Piano Throughout History: The Invention of the Piano

Piano Throughout History: The Invention of the Piano | Piano Chops

The piano was invented around the year 1700, replacing the popular harpsichord. While the two instruments have a lot of similarities, they are two different instruments and the piano gave musicians the ability to create more feeling music.

The piano, or pianoforte as its official name, has influenced the lives of many professional and amateur players since it first entered the music scene. To understand what it is, you must first understand the history behind it.

Piano vs Harpsichord

The piano and harpsichord both look similar, with keys and strings used to create music. There is a major difference in the function though. The harpsichord relies on plucking strings with jacks and quills. The piano, or pianoforte, uses hammers to hit strings. This produces a sound that can easily change volume, sustain pitches, and help a musician convey different moods, which the harpsichord cannot do.

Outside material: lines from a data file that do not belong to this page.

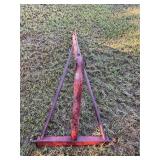 Three point hitch boom pole
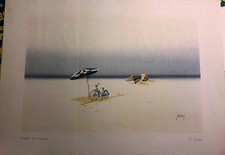 "Bicieletta Sotto l'Ombrellone" de GIORDANI, signée, neuf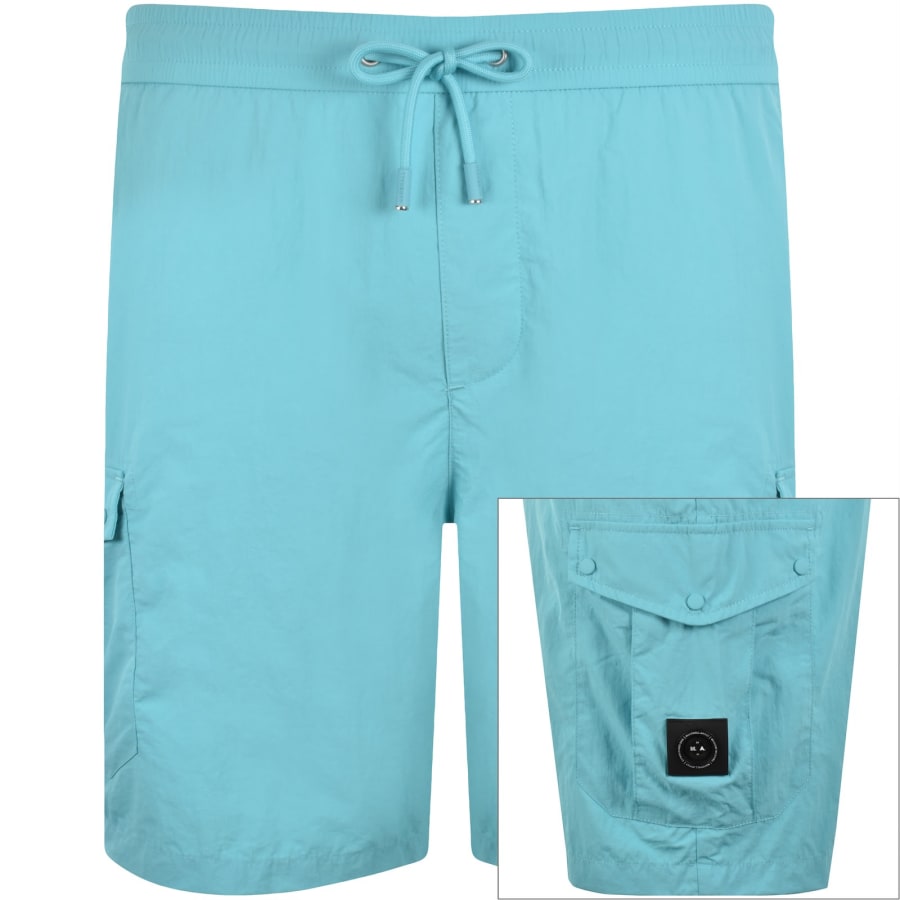 Image number 1 for Marshall Artist Newport Cargo Swim Shorts Blue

Since the piano was invented around the year 1700, it falls right into the Baroque time period (1600-1760) of music and just before the Classical era (1730-1820). This allowed many well-known composers to have a chance to work with the piano, creating masterpieces they wouldn’t have been able to on the harpsichord.

It took some time to become a leading instrument for musicians though, requiring time and exposure to reach the masses. It finally became more commonplace around the last quarter of the 18th century.

The Inventor

The first version of the piano was created almost entirely by Bartolomeo Cristofori. It was received with mixed reviews, which spurred a few changes to become what we know as the piano today.

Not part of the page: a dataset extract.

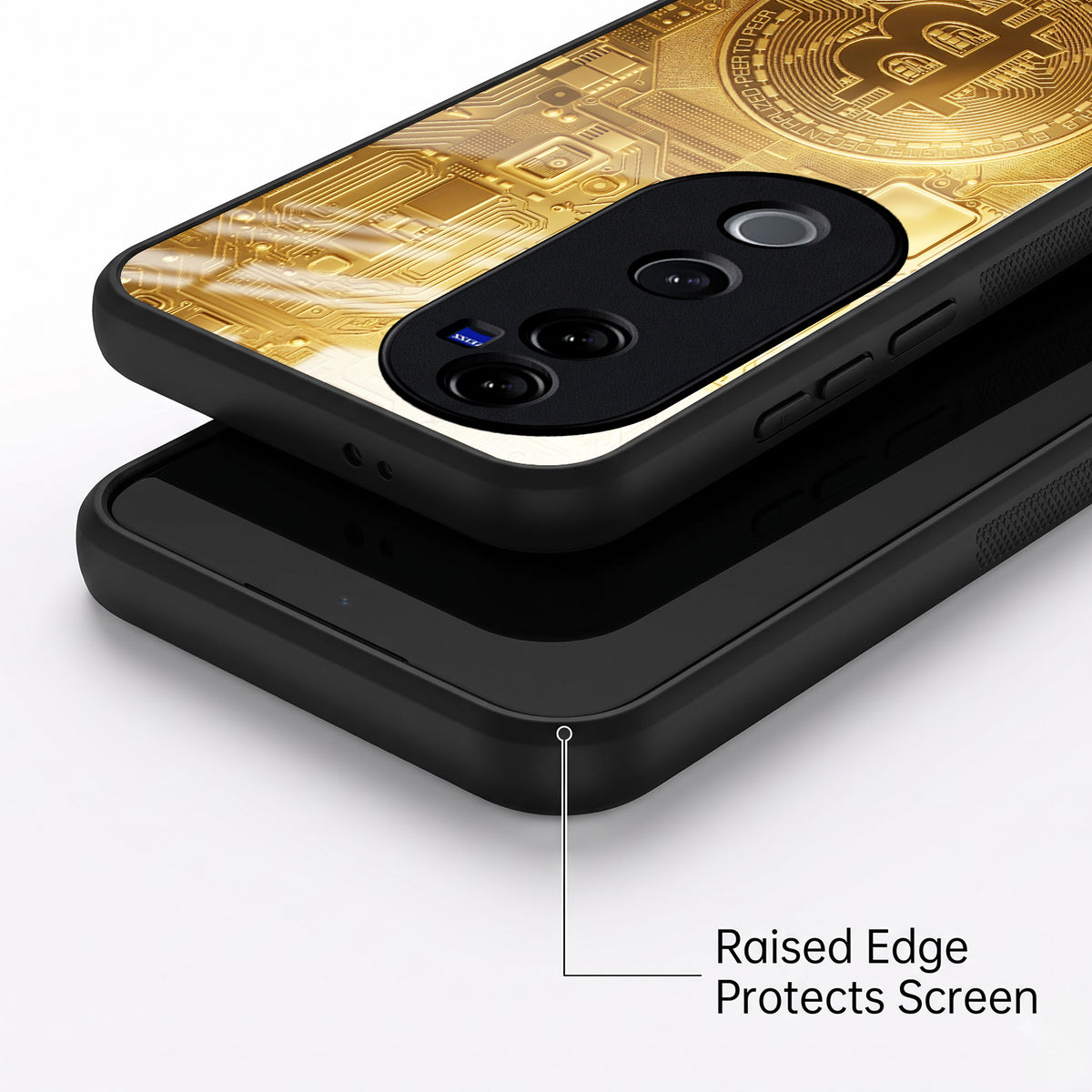 Vivo V50 5G Bitcoin Acrylic Glass Back Case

The first pianoforte had two keyboards, a four-octave range, and used hammers and dampers to create the sound. Musicians praised its ability to play both loud and soft, but it was still slow to catch on throughout Europe.

Italy was still the hotbed of the Renaissance and caught on to the piano after the queen of Spain purchased five pianos. Her patron and student Domenico Scarlatti went on to write over 500 sonatas for the instrument, giving it more attention.

Gaining a Reputation

A German organ builder named Gottfried Silbermann helped further the popularity of the piano after reading about Cristofori’s instrument. He tried to create a duplicate in the 1730s, but it wasn’t very successful. Johann Sebastian Bach criticized it for “possessing too heavy a touch and too weak a treble”.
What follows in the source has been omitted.